[Information given]
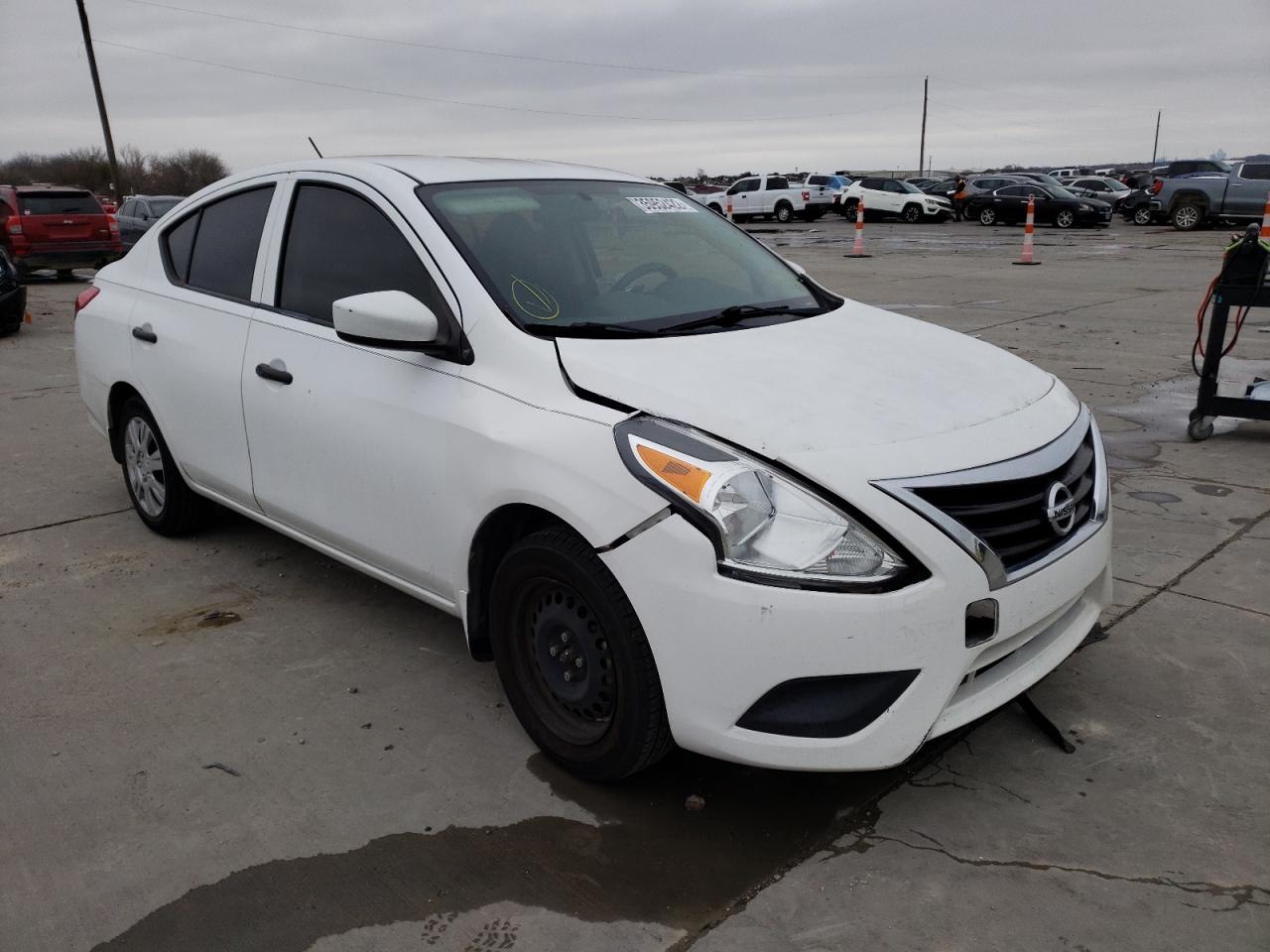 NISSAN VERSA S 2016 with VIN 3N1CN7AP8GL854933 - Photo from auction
[/Information given]
[Information given]
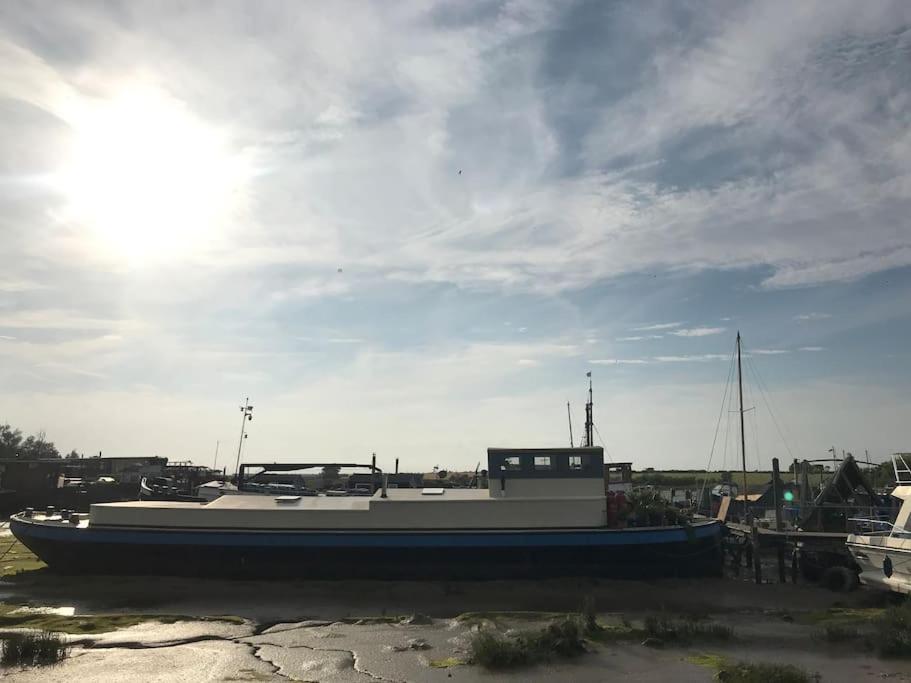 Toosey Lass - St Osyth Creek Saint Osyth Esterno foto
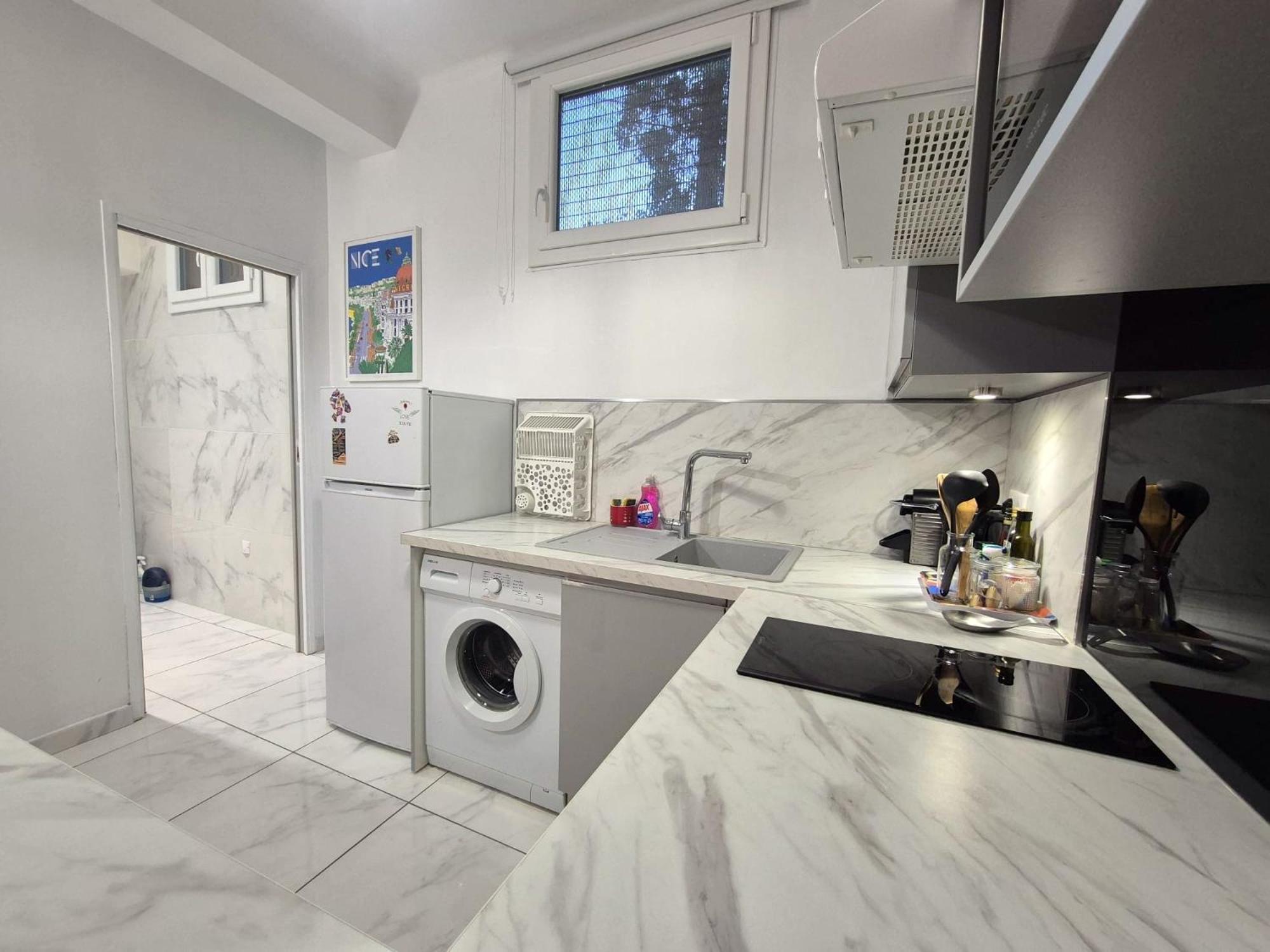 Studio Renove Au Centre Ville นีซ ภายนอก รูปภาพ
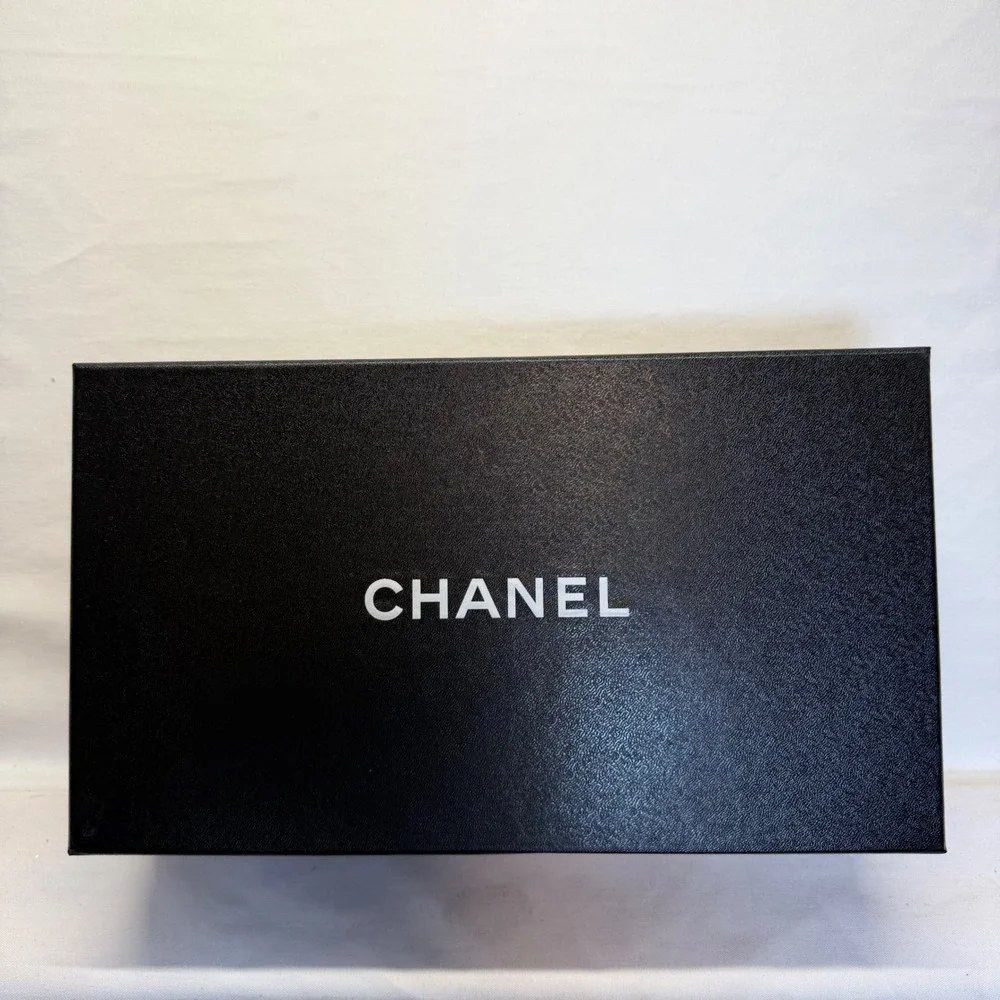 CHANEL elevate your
[/Information given]
After locating the line containing "Studio Renove Au" in the entries above, return it and every line after it exactly, ending at the line containing "CHANEL elevate your", without pictures.

 Studio Renove Au Centre Ville นีซ ภายนอก รูปภาพ
 CHANEL elevate your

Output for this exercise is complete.